Admittedly, these are small sample sizes. And samples that, while small, vary in size. But in a short career, these varied and small chunks of time are all we have. What we would hope to see is some kind of evidence of growth during these stretches.

If they weren’t there, it really wouldn’t be a big deal. Slumps, injuries, unsustainable surges… all of those things can affect samples this size. Carlson’s, though, are nice and clean, showing a measure of consistency in important metrics and development in areas that we would expect development in.

Here are Carlson’s career stats broken into the three samples mentioned above, with “Right Field League Average” included for added context.

Dylan Carlson’s Three Half Seasons Compared to 2021 League Avg. RF

2020 Season 21 119 6.7 29.4 .200 .252 .364 .260 .264 66
2021 1st Half 22 370 10.3 24.3 .258 .343 .391 .332 .322 104
2021 2nd Half 22 249 7.6 24.9 .277 .343 .505 .331 .357 127
2021 RF Avg 27 8170 9.4 24.1 .245 .324 .433 .292 .325 104
Three Half Seasons - Dylan Carlson

What do we see here?

The first thing you’ll probably notice is the last two columns: wOBA and wRC+. These are quality catch-all stats that try to measure overall offensive production, adjusted for ballpark and compared to league average. Carlson’s progress here is obvious. He added 38 points of wRC+ from 2020 through the first half of 2021, finishing around league average at the All-Star break. From there, he gained another 23 points, finishing the second half of his rookie season well above average – 127.

Compare that to the average right fielder. Right field is traditionally an offensive position. It shows up a little in the stats but not as much as you might expect. League average for the position in 2021 is a 104 wRC+. At the mid-point of the season, Carlson had matched that total, largely based on a 10.3% walk rate.

How do we contextualize Carlson’s second half? Just as a point of comparison, among qualified right fielders in 2021, Carlson’s 127 second half wRC+ ranks 8th in the game. He’s stuck between two 29-year-olds in Jorge Soler and Hunter Renfroe.

(By the way, the only other 22-year-old on the right field wRC+ leaderboard is Juan Soto with a 163 for the season. Use the same logic we’re applying to Carlson for Soto. He’s INSANE. Definitely tracking as one of the best players in baseball history.)

The second thing I noticed is some baselines that Carlson has established.
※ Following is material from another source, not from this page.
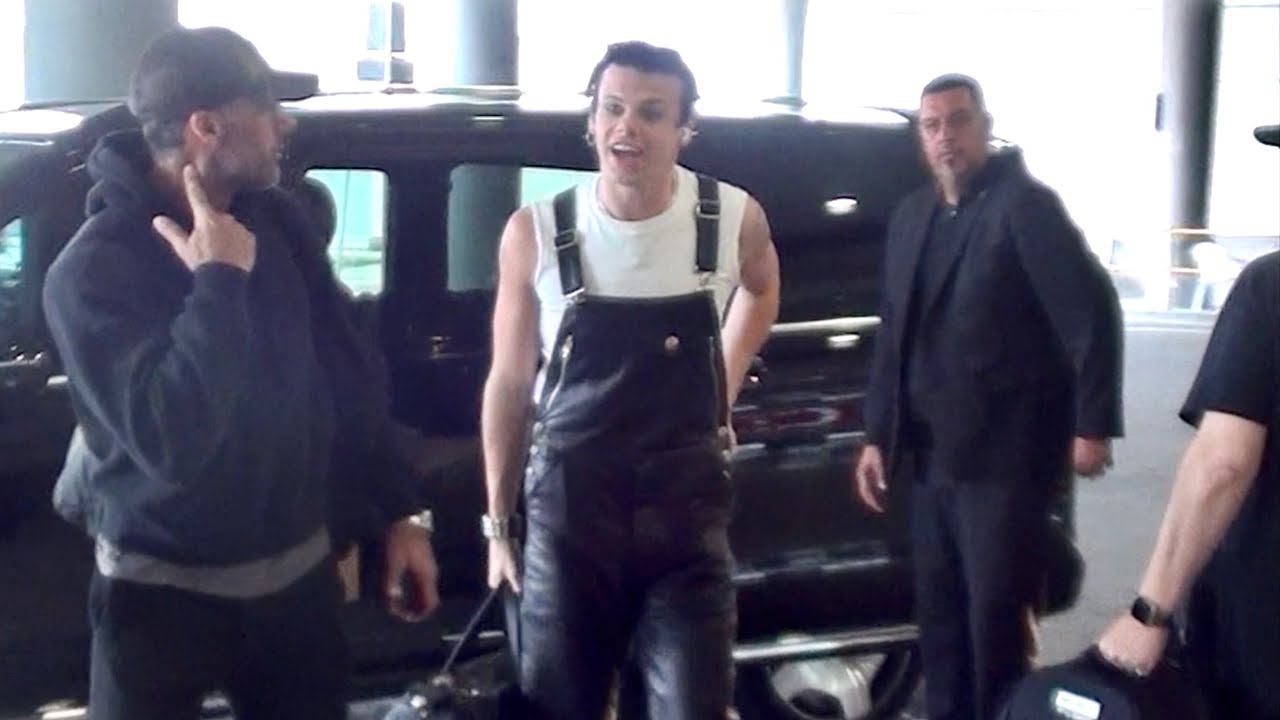 YUNGBLUD ВСТРЕТИЛСЯ С ФАНАМИ В АЭРОПОРТУ СИДНЕЯ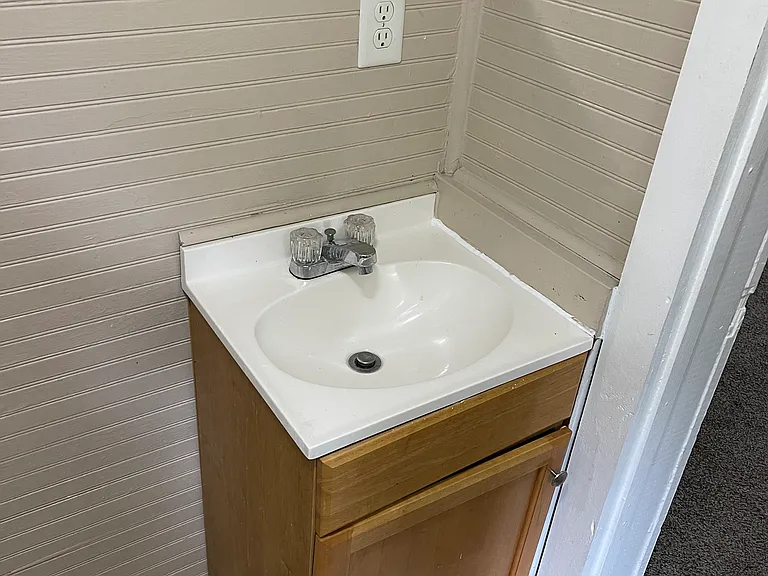 707 N Broad St — Photo 10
Take his BB rate. There’s more variance there than I would like to see, but his three samples range from 6.7% as a 21-year-old to 10.3% the next half season. His full 2021 season 9.2% is probably a good baseline going forward. That is, surprisingly, around league average for right fielders and he’s shown the ability to walk at a higher clip in the minors. A 9% floor now is already just fine and it could become a very good walk rate in a few years.

His K rates show similar progress. He turned his near-30% rate in 2020 into a league average 24.6% rate this year. He held that the entire season. In the minors, Carlson was consistently below that rate at an extremely young age. He could likely cut into that as he goes, but if he doesn’t, he’s already fine.

The biggest change in Carlson’s stats came in the category that is often the hardest for young players to translate to the majors: power. Carlson’s slugging% has risen from “slap-hitting infielder” levels (.364) to “power-hitting corner outfielder” (.505). A .505 slug% from Carlson at Busch Stadium is a huge number. Busch is a terrible place to hit for power; it’s the second worst stadium in the league to hit a homer in. Carlson lost 3 HRs (xHR) because of Busch.

If that kind of power becomes a regular thing for Carlson, it pulls up an interesting stat. There is only one Cardinal outfielder since 2010 who has at least 500 PAs and a cumulative slug% over .500. Can you guess who it is? I mentioned him above as a top comp for Carlson.

Lance Berkman.

That’s it. That’s the list.

Tyler O’Neill is close – .497. We’ll just have to see if Carlson can translate that second half number into regular performance. But the fact that he did it for half a season – 249 PA – is already very encouraging. Shoot, who wouldn’t be encouraged if he lost 30 points of slugging from his 2022 second half and settled in to “just Matt Holliday” levels? (Holliday had a .486 slug% from 2010 on.)

We’re seeing what we want to see from Carlson. He has established some critical baselines that are at worst league average. His overall production levels are clearly trending above average. When considering his age and the kinds of comps he has, there’s still no reason to be anything but extremely optimistic.

Carlson is already a good player. Within the next few years, there’s every reason to believe that he’ll develop and refine the skills to be a consistently “very good” right fielder.